Françoise fréquente les bénédictins olivétains et leur demande conseils moraux et matériels puisqu’elle envisage de donner une maison à celles qui partagent sa vocation, lesquelles entre¬temps sont devenues de plus en plus nombreuses et de plus en plus assurées dans leur propos de consacrer toute leur vie au Christ. C’est la sollicitude pour ses sœurs, et non un projet abstrait, fruit de la réflexion, qui la poussera à fonder au cœur de la cité, à Tor de’ Specchi une communauté d’Oblates qui vivent la vocation à la virginité dans le monde, tout en se consacrant aux œuvres de charité et à l’assistance, mais avec une autonomie et une souplesse inconnues des anciennes fondations cloîtrées.

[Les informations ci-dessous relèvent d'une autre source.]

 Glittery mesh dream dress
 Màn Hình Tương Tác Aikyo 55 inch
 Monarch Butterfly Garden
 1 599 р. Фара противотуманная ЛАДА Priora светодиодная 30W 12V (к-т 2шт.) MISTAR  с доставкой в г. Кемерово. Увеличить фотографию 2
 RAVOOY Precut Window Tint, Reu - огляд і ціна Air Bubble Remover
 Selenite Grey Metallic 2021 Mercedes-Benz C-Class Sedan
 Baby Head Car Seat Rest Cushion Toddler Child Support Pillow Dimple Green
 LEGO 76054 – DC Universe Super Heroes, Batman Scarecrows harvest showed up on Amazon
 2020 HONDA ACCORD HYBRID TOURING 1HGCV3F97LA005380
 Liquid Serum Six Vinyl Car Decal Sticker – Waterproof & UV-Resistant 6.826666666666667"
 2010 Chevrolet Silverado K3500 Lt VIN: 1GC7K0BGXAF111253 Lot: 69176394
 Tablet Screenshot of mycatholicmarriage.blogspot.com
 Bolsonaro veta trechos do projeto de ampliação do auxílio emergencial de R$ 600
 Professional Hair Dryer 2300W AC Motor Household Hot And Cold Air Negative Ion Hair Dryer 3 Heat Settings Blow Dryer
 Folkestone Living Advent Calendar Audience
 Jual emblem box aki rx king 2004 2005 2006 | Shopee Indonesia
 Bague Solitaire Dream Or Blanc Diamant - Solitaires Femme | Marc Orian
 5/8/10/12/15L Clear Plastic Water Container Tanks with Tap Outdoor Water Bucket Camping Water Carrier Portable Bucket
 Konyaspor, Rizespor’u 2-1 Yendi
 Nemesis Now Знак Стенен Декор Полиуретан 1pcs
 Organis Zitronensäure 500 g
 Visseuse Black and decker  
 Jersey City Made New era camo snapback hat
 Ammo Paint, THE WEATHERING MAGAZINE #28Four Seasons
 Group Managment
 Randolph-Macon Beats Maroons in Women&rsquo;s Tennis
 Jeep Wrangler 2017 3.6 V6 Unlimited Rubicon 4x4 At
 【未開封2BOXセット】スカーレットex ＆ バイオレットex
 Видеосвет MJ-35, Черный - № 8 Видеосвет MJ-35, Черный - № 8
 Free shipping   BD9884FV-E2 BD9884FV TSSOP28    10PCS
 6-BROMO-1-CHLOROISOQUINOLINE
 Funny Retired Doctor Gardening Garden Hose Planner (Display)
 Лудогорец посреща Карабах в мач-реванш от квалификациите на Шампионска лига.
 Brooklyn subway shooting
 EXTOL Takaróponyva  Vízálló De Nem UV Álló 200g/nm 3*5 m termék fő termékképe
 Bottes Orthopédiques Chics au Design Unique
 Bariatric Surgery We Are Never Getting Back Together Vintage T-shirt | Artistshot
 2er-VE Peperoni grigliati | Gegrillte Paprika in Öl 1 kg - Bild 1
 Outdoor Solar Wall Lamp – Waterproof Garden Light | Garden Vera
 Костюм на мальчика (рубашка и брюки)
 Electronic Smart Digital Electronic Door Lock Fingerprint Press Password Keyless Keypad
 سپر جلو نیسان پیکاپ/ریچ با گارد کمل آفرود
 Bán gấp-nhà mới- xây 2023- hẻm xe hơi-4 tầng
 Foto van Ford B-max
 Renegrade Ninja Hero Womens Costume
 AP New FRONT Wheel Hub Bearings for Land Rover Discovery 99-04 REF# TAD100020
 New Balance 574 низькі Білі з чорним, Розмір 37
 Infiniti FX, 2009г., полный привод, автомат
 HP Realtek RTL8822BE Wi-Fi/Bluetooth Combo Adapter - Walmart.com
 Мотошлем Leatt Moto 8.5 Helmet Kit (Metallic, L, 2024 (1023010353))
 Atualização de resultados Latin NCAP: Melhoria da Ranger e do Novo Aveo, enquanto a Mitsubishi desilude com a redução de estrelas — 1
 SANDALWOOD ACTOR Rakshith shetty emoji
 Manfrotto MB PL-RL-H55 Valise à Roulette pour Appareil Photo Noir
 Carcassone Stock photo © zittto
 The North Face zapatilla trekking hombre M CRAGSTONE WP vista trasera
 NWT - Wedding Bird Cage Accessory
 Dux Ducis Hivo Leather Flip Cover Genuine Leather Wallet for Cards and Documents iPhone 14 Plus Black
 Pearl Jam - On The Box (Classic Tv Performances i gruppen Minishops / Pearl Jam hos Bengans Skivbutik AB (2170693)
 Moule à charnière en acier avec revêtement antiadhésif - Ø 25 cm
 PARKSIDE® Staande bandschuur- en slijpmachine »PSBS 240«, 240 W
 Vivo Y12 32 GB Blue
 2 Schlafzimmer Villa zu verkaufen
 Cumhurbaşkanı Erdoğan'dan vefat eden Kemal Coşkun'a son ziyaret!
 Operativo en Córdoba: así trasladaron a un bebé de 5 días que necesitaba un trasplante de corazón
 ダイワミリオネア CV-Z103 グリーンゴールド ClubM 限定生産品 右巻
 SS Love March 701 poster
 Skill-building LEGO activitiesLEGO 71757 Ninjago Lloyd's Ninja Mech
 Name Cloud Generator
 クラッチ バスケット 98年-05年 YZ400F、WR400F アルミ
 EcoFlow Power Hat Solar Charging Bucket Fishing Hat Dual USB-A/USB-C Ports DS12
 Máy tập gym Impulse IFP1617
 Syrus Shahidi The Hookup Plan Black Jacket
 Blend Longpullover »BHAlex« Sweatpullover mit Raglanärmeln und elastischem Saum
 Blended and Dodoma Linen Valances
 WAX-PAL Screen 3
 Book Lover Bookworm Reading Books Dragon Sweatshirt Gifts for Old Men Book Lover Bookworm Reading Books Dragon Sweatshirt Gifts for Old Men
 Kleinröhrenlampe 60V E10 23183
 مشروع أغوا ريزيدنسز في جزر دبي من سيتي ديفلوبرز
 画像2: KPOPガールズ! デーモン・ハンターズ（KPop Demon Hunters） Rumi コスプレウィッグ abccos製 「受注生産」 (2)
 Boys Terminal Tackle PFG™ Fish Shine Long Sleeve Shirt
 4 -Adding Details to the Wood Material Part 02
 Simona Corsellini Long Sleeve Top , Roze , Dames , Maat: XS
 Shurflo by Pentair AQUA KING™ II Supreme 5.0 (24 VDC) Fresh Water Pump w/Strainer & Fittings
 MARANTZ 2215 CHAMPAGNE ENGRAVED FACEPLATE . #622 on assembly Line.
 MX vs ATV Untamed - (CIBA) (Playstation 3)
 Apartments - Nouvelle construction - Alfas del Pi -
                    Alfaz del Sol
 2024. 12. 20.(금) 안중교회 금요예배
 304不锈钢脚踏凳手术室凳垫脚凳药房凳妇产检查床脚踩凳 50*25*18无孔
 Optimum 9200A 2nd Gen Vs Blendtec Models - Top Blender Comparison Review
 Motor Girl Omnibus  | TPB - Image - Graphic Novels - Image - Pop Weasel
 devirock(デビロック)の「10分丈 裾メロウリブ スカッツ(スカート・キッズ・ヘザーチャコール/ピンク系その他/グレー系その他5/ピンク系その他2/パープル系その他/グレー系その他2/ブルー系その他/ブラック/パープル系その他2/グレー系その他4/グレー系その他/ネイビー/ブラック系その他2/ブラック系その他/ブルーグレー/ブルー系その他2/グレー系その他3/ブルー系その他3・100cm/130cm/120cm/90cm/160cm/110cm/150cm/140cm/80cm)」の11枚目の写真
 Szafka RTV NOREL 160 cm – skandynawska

Le travail de raccommodage politique, religieux, moral et matériel de Françoise continue même et surtout - comme il arrive toujours chez les saints - postmortem ■ le 29 mai 1608, le pape romain Paul V Borghèse élève à l’honneur des autels Ceccolella dei Ponziani. La cérémonie à Saint-Pierre, solennelle et magnifique, veut souligner l’importance que l’on attribue à l’événement. Après une longue période de silence dans les canonisations, due à la controverse avec les protestants, Françoise est la première sainte italienne, la première femme depuis la canonisation de Catherine de Sienne en 1461, et dans l’absolu la première personnalité romaine à entrer dans l’histoire de la sainteté canonisée, dont paradoxalement la propre cité du pape était jusqu’alors restée exclue. C’est la preuve qu’auprès du Vicaire du Christ la créativité multiforme de l’Esprit Saint n’a jamais cessé de répandre foi, espérance et charité, même aux périodes historiques les plus sombres. « C’est justement en ces années que naît, réplique au lieu commun diffusé par la propagande protestante de Rome-Babylone, source de corruption, l’image très forte et presque repoussante de la Pitié romaine représentée comme une jeune et très belle dame qui allaite un vieillard sale et malade » explique Lucetta Scaraffia, professeur d’histoire contemporaine à l’université La Sapienza, illustrant les motifs profonds, symboliques et politiques, de l’iconographie baroque.
Quatre cents après, Rome célèbre à nouveau Ceccolella, Intus pacifica (...) sed extra leo ferocissimus (pacifiée intérieurement mais à l’extérieur un lion très féroce), comme la décrit Ianni Mattiotti, prêtre du Transtevere, son confesseur dans la dernière partie de sa vie, très douce avec ses malades, implacable pour démasquer le mensonge.